Simplement, en pleine pandémie, lorsque tant de jeunes scolarisés n’ont pas accès à Internet (0,5 de débit) ou lorsque mon voisin de 95 ans ne sait pas s’il pourra téléphoner à son médecin, l’effet d’annonce du site caritatif fait long feu. Ma voisine élue municipale a bien besoin de télécharger les PDF de la Préfecture. Tant que les fils abîmés ne seront pas changés, elle ne le pourra pas. Le Maire est injoignable, et tant que les fils abîmés ne seront pas changés, il le restera. Mes voisins, un couple de pompiers volontaires, ont besoin du téléphone. Tant que les fils ne seront pas changés, ils n’auront aucune garantie d’être joignables en cas de pépin. Etc, etc, vous connaissez la litanie, nous avons tous des dizaines d’exemples de ce genre illustrant les défaillances de l’opérateur.
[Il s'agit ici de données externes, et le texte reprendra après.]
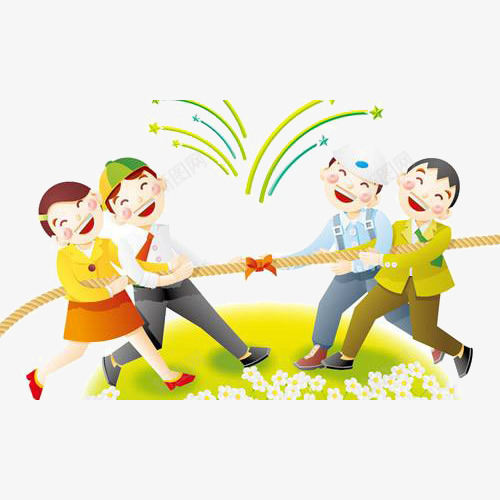 欢快拔河图案png免抠素材_新图网 https://ixintu.com 图案 小朋友拔河 彩色风格 拉绳子的人 拔河 欢快 装饰图案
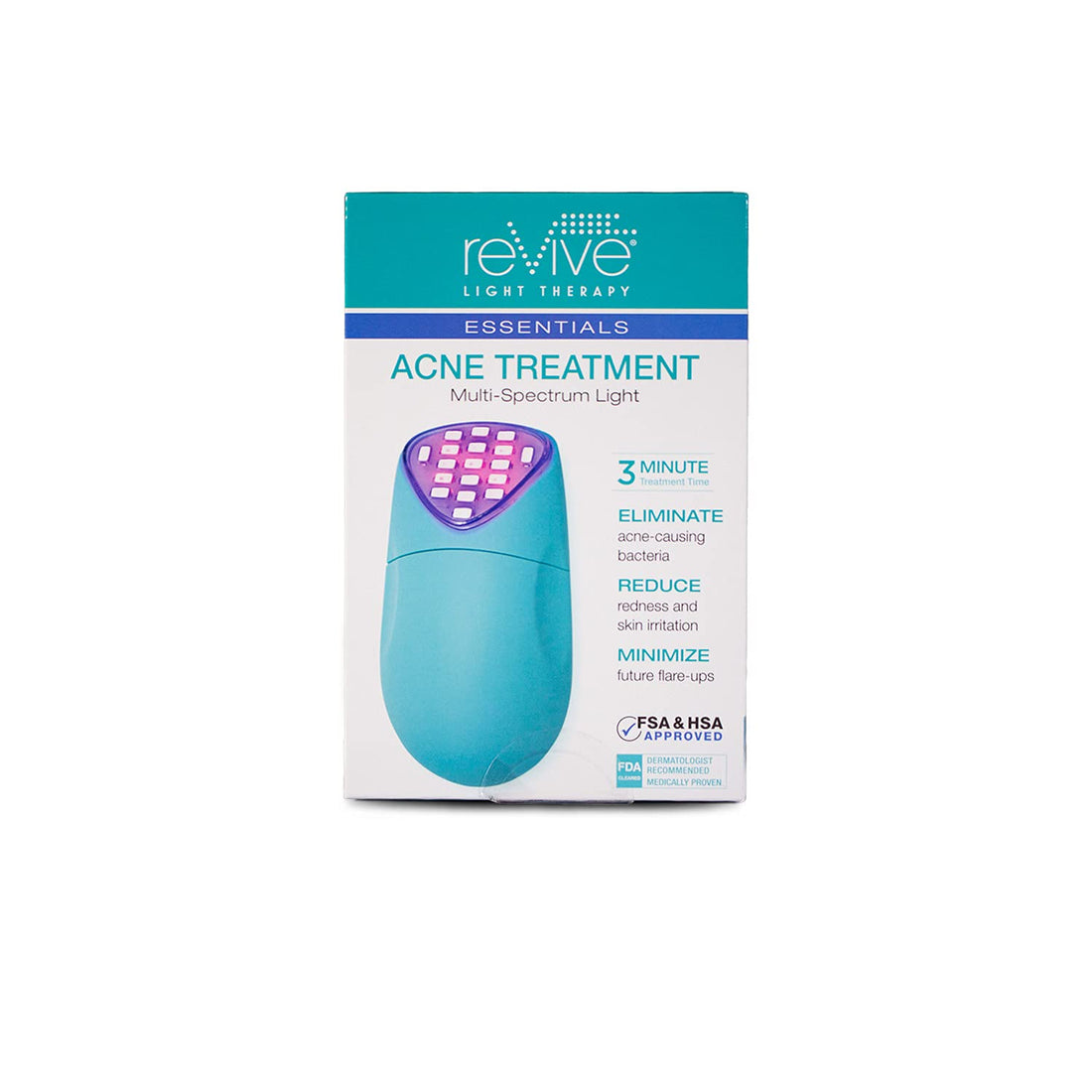 reVive Light Therapy Essentials Acne Treatment System, Blue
Je l’ai déjà dit ici et j’y reviens : nous ne confondrons jamais la multinationale et les interlocuteurs auxquels nous avons eu affaire. Ils sont très bien et ont fait du mieux qu’ils ont pu avec les moyens du bord. Il est vrai que 6 techniciens pour toute la Drôme-Ardèche, c’est moyennement rigolo, avec les effets bien connus maintenant d’une sous-traitance qui posent pas mal de questions. Bref, nous les remercions derechef. Ils ont acquis la culture d’entreprise et la défendent. Il y a du participatif dans l’air et quoi de plus légitime ? A ceci près que cela leur devient visiblement difficile car ils ont affaire au même problème que les clients : une politique volontariste de désinvestissement massif en zone rural de la part de Orange, qui annonce fièrement sur le site précité : « Nous restons aux côtés de ceux qui en ont le plus besoin ». Cela en deviendrait presque indécent.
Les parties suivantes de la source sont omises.